Ubuntu – Unusual font on some sites (like Facebook)

14.04chromiumfacebookfonts

Some of the fonts on popular web sites (like Facebook) have changed since I reinstalled 14.04 LTS. I'd only originally had it installed for about a week, and the fonts seemed normal. But since reinstalling some of the fonts have changed to something less easily readable.

Old (better) font:

New (worse) font:

How do I change the font back, or what might have changed it? I have the Unity Tweak Tool installed and the fonts on their default settings (as they were before reformat). Could it be ttf-mscorefonts-installer? Because I'm not sure if that was installed on my last go-around.

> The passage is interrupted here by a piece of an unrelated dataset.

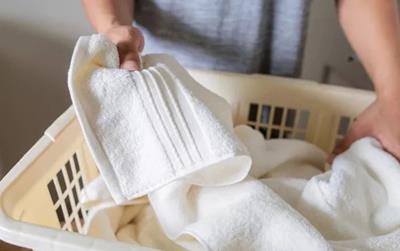 Những lý do nên sử dụng giấm trắng khi giặt quần áo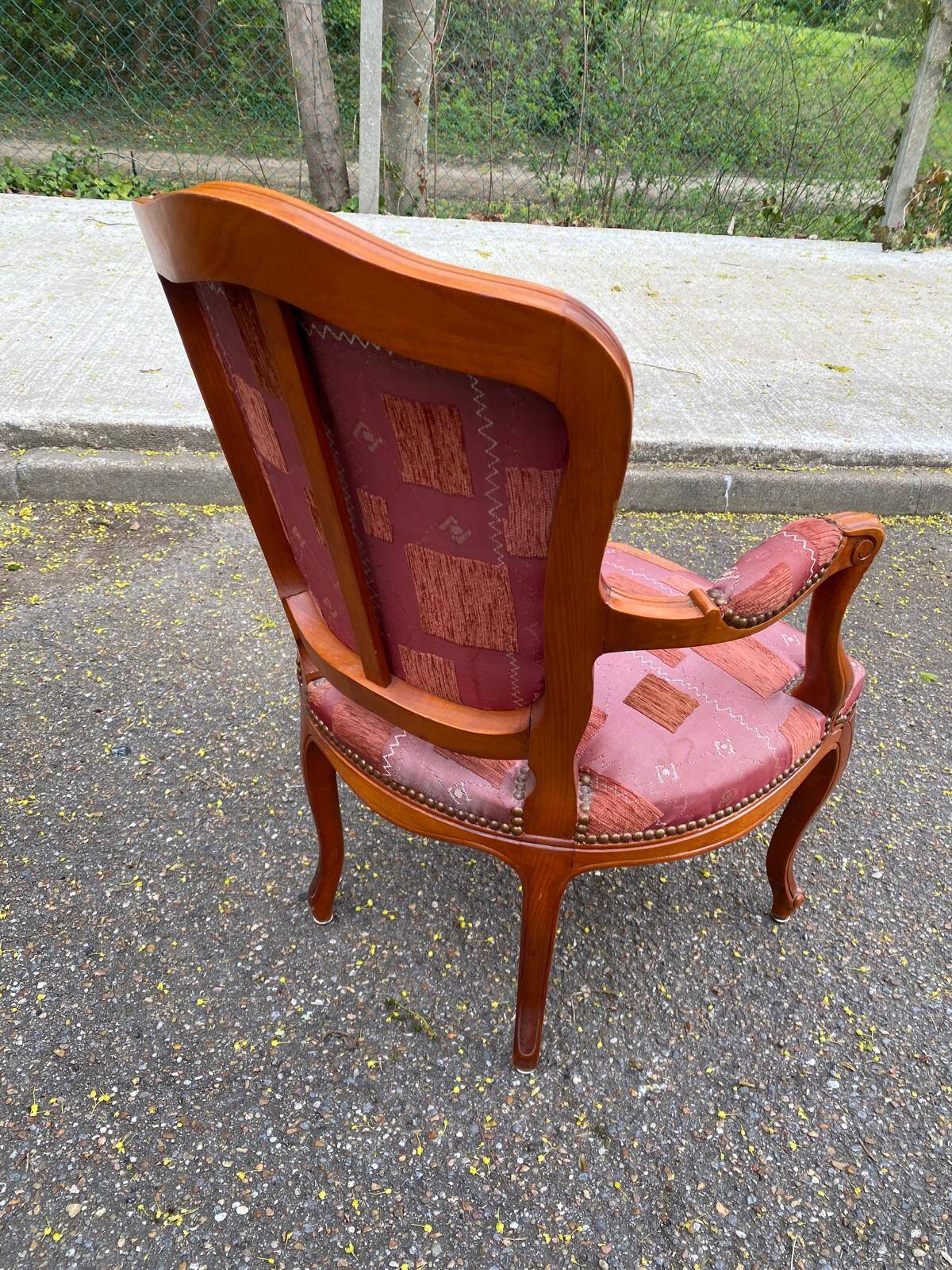 Bergère cabriolet armchair Louis XV in embroidered burgundy silk fabric.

Edit: Sorry, completely forgot to mention, the web browser is Chromium in both cases.

Best Answer

Font substitutions for your case are described in the file /etc/fonts/conf.avail/30-metric-aliases.conf. It looks complex at the first glance, but it is pretty logical.
Your "better" font is Liberation Sans and it replaced Helvetica and Arial everywhere, until you installed ttf-mscorefonts-installer. Now Arial appeared in your system and it is more preferable than Liberation Sans, according to the substitution rules (they can be found in the "Map generics to specifics" section of the mentioned file).
You can override these rules with your personal rule file. Create the file with the name local.conf somewhere and put the next lines in it:

<?xml version="1.0"?>
<!DOCTYPE fontconfig SYSTEM "fonts.dtd">
<fontconfig>

<!-- Map generics to specifics (overrides 30-metric-aliases.conf) -->

    <alias binding="same">
      <family>Helvetica</family>
      <accept>
      <family>Liberation Sans</family>
      </accept>
    </alias>

</fontconfig>

Now copy it to the folder with the font settings:

sudo cp local.conf /etc/fonts

Reboot and check whether your "better" font has replaced the "worse" one.
NB This trick replaced only sans-serif font, but it can be used to set the precedence of the serif and monospaced fonts at your desire.